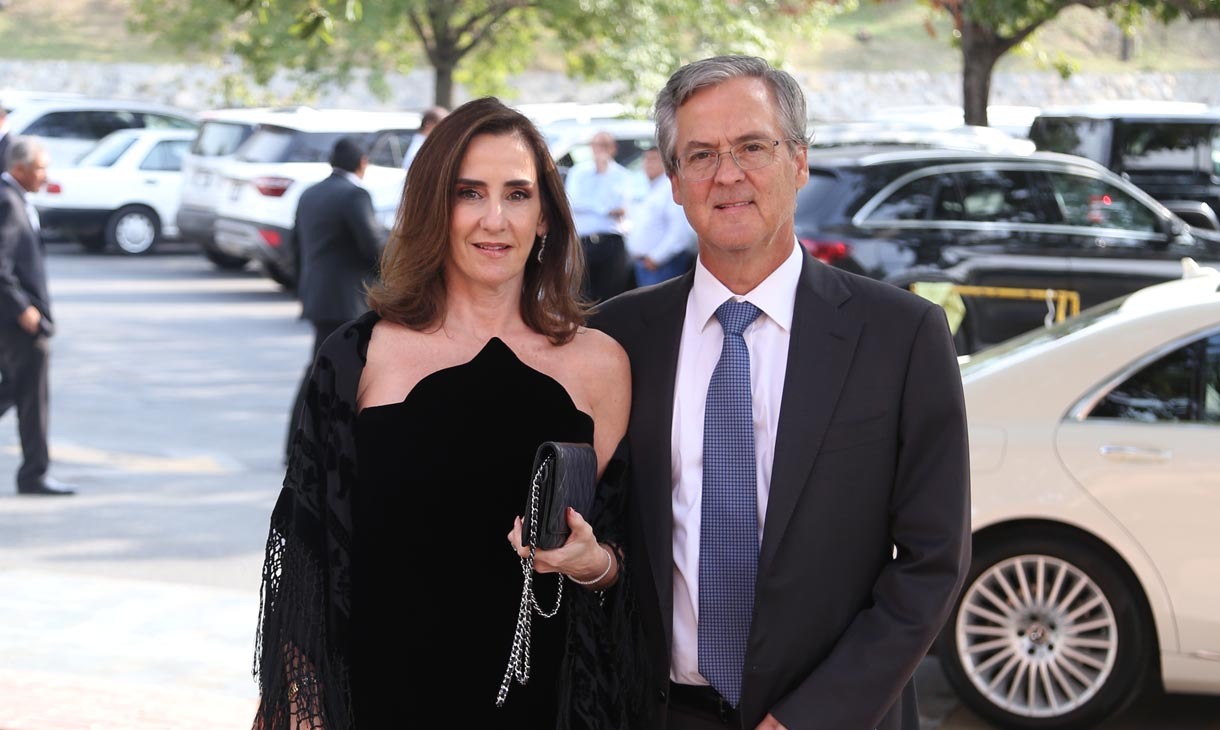 Martha Treviño de Zambrano y Pablo Zambrano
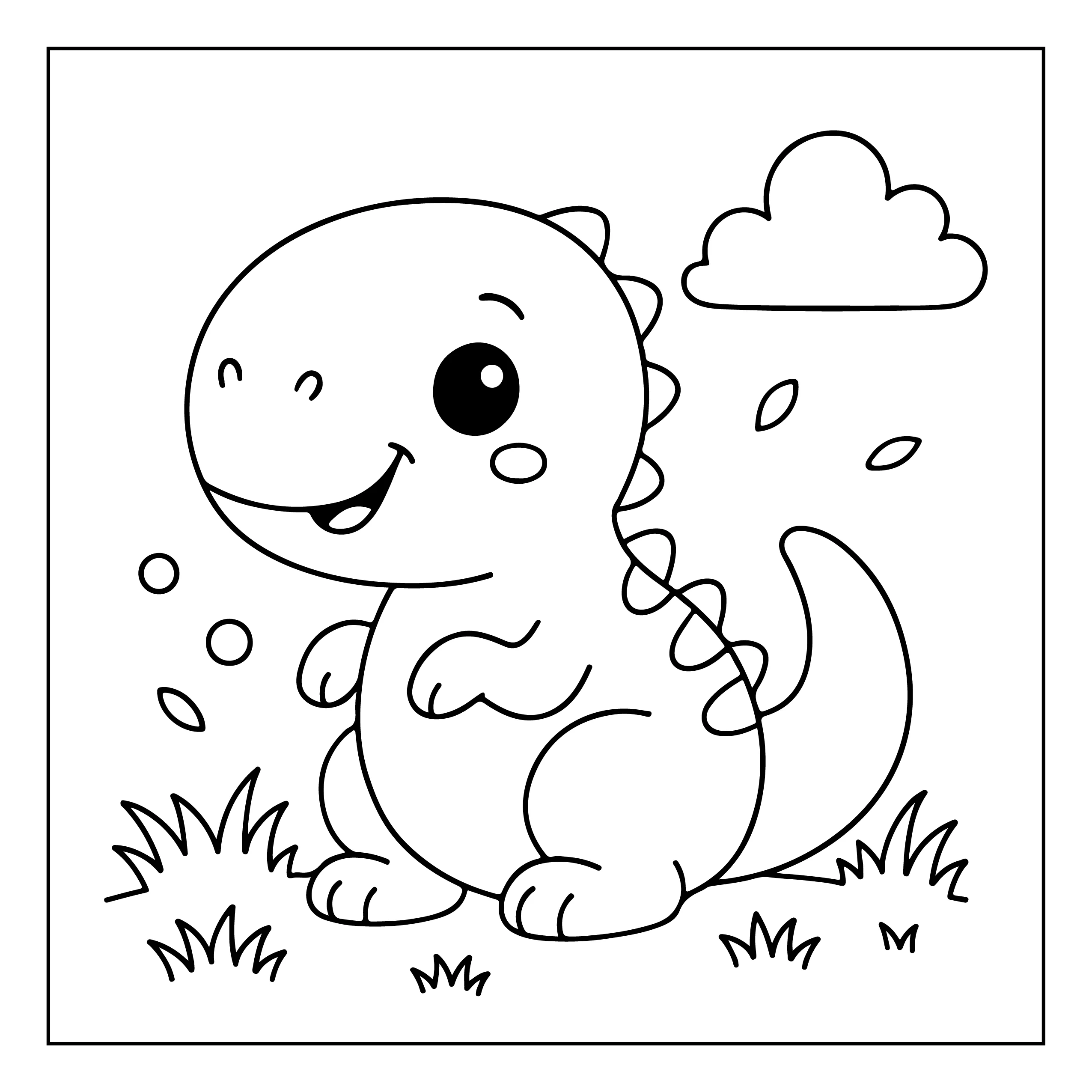 Dinossauro para colorir 129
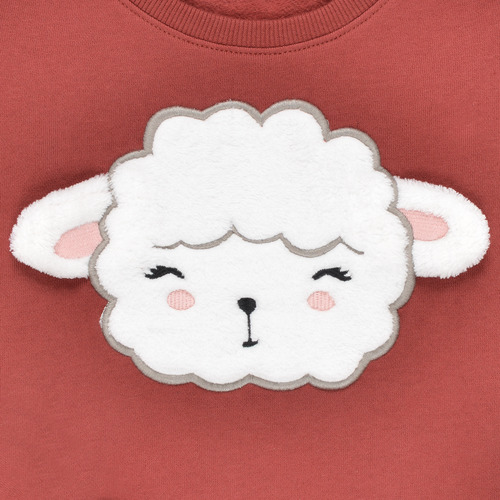 Name it - NMFOTILDA LS SWEAT - Rouge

--- Instructions for the task ---
None of the pictures should be kept; reproduce all the remaining material exactly.

--- Result of the exercise ---
 Martha Treviño de Zambrano y Pablo Zambrano
 Dinossauro para colorir 129
 Name it - NMFOTILDA LS SWEAT - Rouge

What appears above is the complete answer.